The vulnerability exists in Cloud Foundation Operations itself, so all deployments are potentially affected regardless of ancillary products. However, verify the specific Cloud Foundation version and build number against the VMware advisory to confirm. Some patched builds may already include fixes from prior updates.

Can this vulnerability be exploited remotely without an account?

No. An attacker must first authenticate to Cloud Foundation Operations and possess the privilege to create or edit policies, views, or text-widgets. This narrows the risk to a subset of administrators or platform operators. Nonetheless, if an attacker compromises a service account or junior admin credential, the privilege escalation to full platform control is straightforward.

How do we detect if we've already been compromised?

Review audit logs for policy, view, or widget creation by unexpected users, especially service accounts or during off-hours. Export and inspect the configurations of all policies and widgets for HTML tags, JavaScript, or event handlers. Look for administrative action sequences (e.g., user account creation, permission changes) that lack a corresponding audit entry from the UI, which suggests script-based exploitation.

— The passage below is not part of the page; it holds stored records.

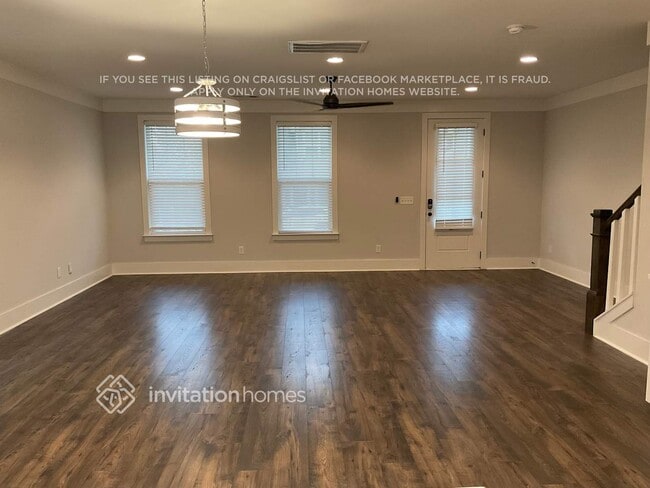 Photo - 1204 49th Ave N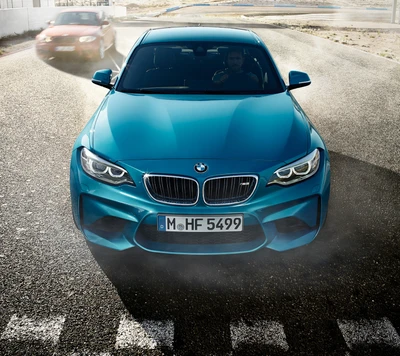 BMW M2 Coupé: Auffällige Frontansicht eines Hochleistungsfahrzeugs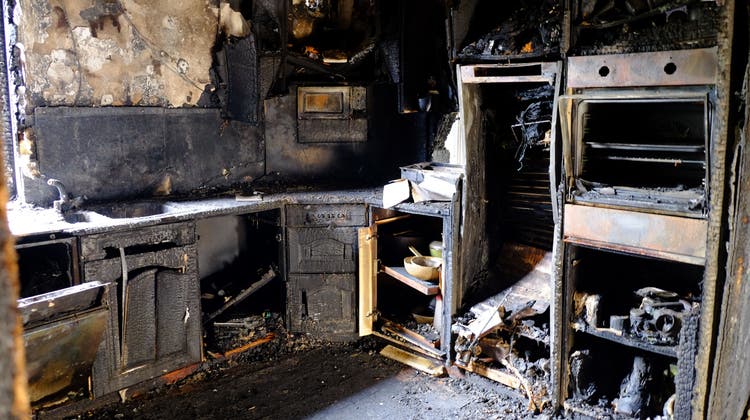Das Feuer ist in der Küche der Erdgeschosswohnung ausgebrochen. (Bild: Rahel Haag(30. 12. 2021))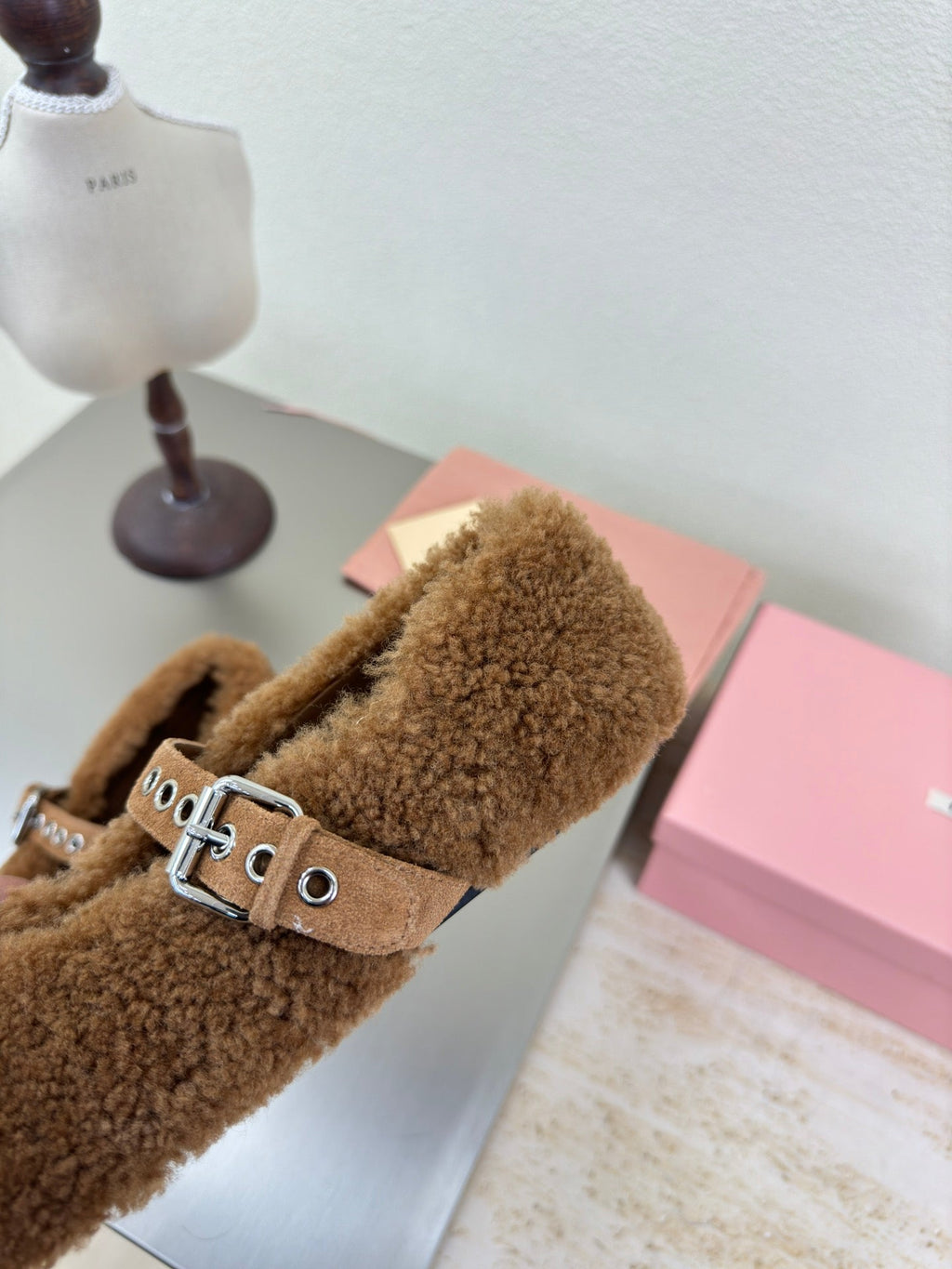 SHEARLING BALLET FLAT BROWN WITH SUEDE STRAP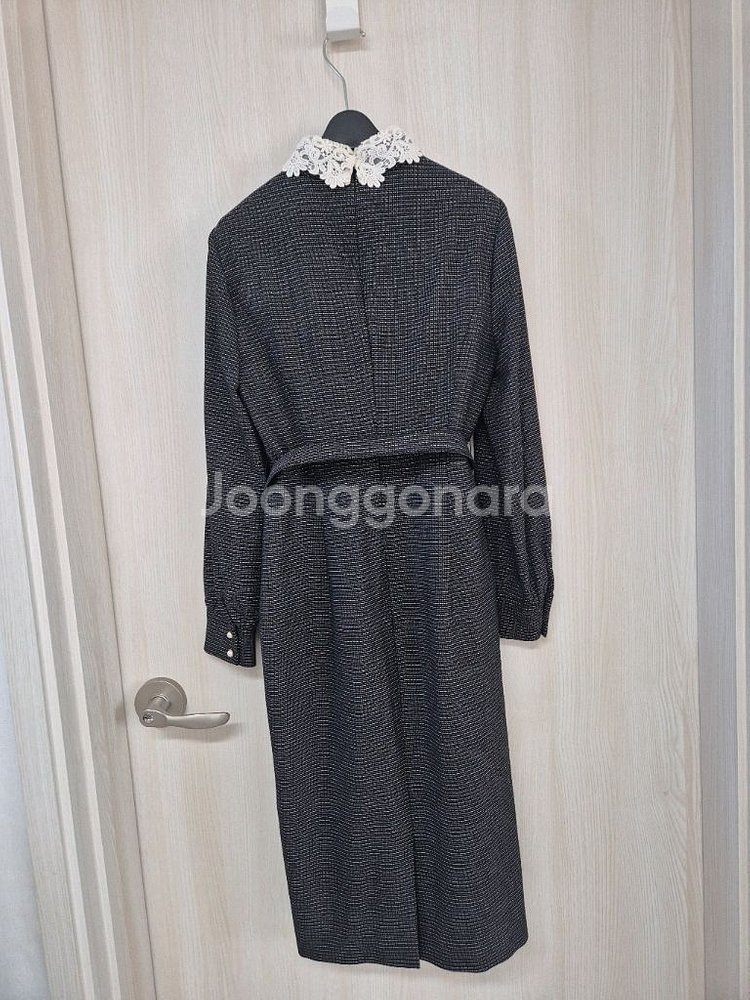 모조에스핀 레이스카라 원피스--3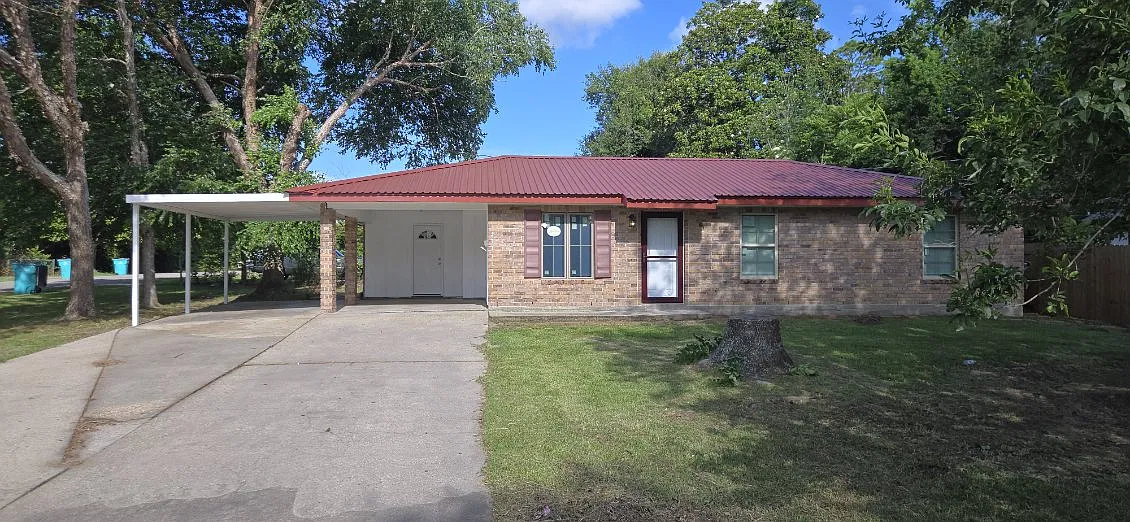 1428 Attakapas Dr — Photo 1
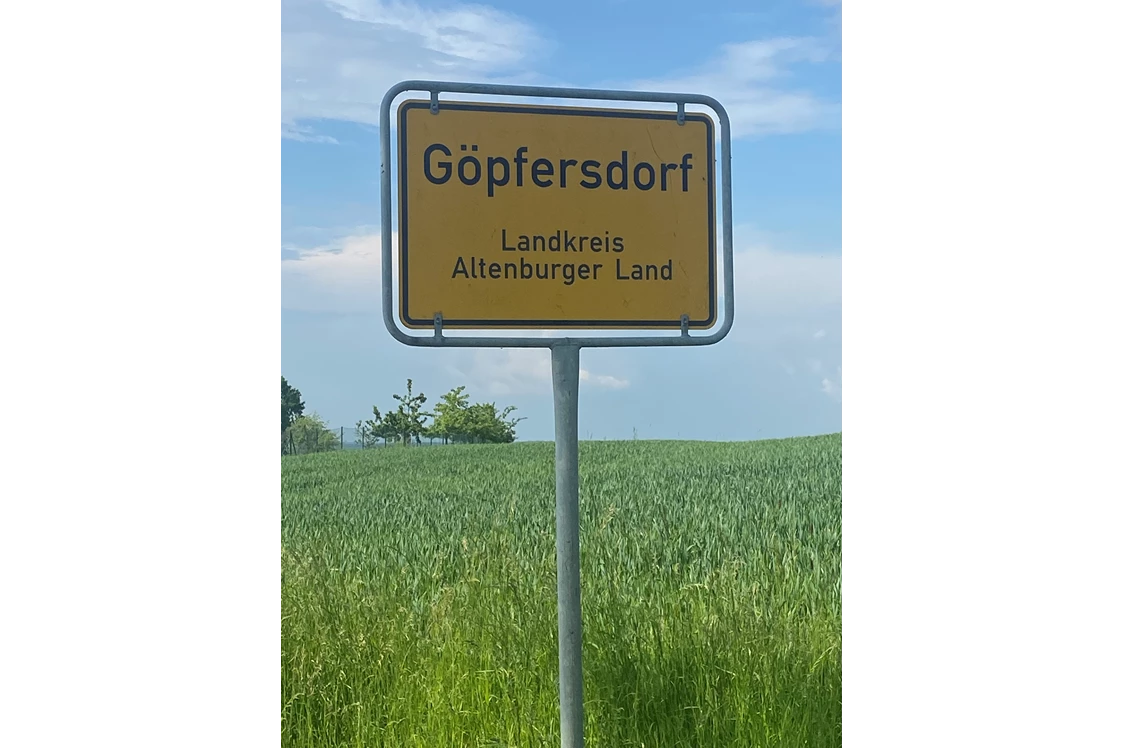 Wohnmobilstellplatz: Stellplatz in Ostthüringen auf dem Land, an der Tischlerei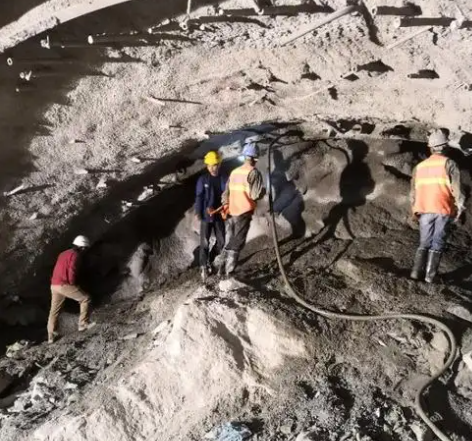 武威隧道拱顶带模注浆料，微膨胀注浆料的特点及施工工艺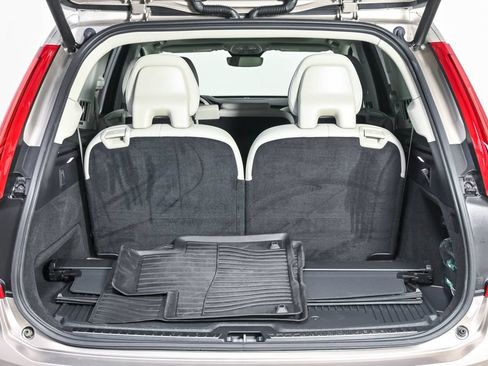Used 2025 Volvo XC90 B6 Plus w/ Protection Package Premier AWD/4WD image 33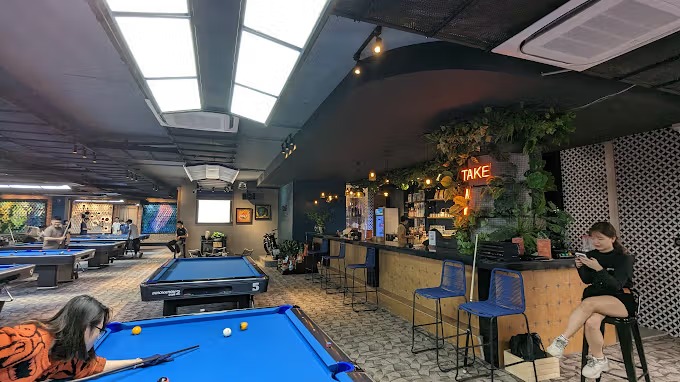 Tom's Billiards Club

This analysis is based on the vulnerability description and CVSS vector provided as of the published and modified dates. Patch availability, affected version ranges, and remediation steps must be verified against the official VMware security advisory before deployment. This page does not constitute professional security advice; consult with your security team and VMware support for guidance specific to your environment. No public exploit code is referenced or endorsed. The vulnerability is not currently listed on the CISA Known Exploited Vulnerabilities catalog, but active exploitation may emerge at any time. Source: NVD (public-domain), retrieved 2026-07-15. Analysis generated by SEC.co (claude-haiku-4-5).